Task objective: Retype the records below exactly as they appear.

Data records:
--------------------------------------------------

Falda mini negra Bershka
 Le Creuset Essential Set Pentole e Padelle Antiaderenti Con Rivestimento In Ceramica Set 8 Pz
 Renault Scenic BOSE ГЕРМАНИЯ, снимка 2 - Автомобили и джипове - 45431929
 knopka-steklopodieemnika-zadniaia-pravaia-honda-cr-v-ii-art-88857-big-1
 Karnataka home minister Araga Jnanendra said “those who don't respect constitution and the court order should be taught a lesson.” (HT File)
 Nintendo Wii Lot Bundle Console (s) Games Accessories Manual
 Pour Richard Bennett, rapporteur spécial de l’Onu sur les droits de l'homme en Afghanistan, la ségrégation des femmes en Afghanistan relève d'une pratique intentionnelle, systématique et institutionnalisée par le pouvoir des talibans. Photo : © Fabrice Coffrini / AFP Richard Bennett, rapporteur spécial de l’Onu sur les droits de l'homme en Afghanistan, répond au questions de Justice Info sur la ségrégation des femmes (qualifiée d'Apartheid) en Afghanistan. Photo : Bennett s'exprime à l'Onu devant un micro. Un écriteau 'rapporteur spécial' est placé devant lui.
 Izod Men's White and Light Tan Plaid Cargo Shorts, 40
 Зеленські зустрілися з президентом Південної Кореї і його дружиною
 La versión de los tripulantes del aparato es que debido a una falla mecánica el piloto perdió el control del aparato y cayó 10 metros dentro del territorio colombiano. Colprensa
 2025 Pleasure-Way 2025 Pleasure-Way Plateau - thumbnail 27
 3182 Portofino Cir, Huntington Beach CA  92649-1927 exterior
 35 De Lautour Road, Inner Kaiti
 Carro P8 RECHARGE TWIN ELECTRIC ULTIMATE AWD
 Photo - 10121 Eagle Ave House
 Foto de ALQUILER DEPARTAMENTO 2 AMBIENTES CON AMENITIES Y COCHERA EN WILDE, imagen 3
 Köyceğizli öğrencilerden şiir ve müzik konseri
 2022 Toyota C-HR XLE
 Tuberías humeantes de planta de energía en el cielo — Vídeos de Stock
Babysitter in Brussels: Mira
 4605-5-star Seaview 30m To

--------------------------------------------------

Exercise result:
Falda mini negra Bershka
 Le Creuset Essential Set Pentole e Padelle Antiaderenti Con Rivestimento In Ceramica Set 8 Pz
 Renault Scenic BOSE ГЕРМАНИЯ, снимка 2 - Автомобили и джипове - 45431929
 knopka-steklopodieemnika-zadniaia-pravaia-honda-cr-v-ii-art-88857-big-1
 Karnataka home minister Araga Jnanendra said “those who don't respect constitution and the court order should be taught a lesson.” (HT File)
 Nintendo Wii Lot Bundle Console (s) Games Accessories Manual
 Pour Richard Bennett, rapporteur spécial de l’Onu sur les droits de l'homme en Afghanistan, la ségrégation des femmes en Afghanistan relève d'une pratique intentionnelle, systématique et institutionnalisée par le pouvoir des talibans. Photo : © Fabrice Coffrini / AFP Richard Bennett, rapporteur spécial de l’Onu sur les droits de l'homme en Afghanistan, répond au questions de Justice Info sur la ségrégation des femmes (qualifiée d'Apartheid) en Afghanistan. Photo : Bennett s'exprime à l'Onu devant un micro. Un écriteau 'rapporteur spécial' est placé devant lui.
 Izod Men's White and Light Tan Plaid Cargo Shorts, 40
 Зеленські зустрілися з президентом Південної Кореї і його дружиною
 La versión de los tripulantes del aparato es que debido a una falla mecánica el piloto perdió el control del aparato y cayó 10 metros dentro del territorio colombiano. Colprensa
 2025 Pleasure-Way 2025 Pleasure-Way Plateau - thumbnail 27
 3182 Portofino Cir, Huntington Beach CA  92649-1927 exterior
 35 De Lautour Road, Inner Kaiti
 Carro P8 RECHARGE TWIN ELECTRIC ULTIMATE AWD
 Photo - 10121 Eagle Ave House
 Foto de ALQUILER DEPARTAMENTO 2 AMBIENTES CON AMENITIES Y COCHERA EN WILDE, imagen 3
 Köyceğizli öğrencilerden şiir ve müzik konseri
 2022 Toyota C-HR XLE
 Tuberías humeantes de planta de energía en el cielo — Vídeos de Stock
Babysitter in Brussels: Mira
 4605-5-star Seaview 30m To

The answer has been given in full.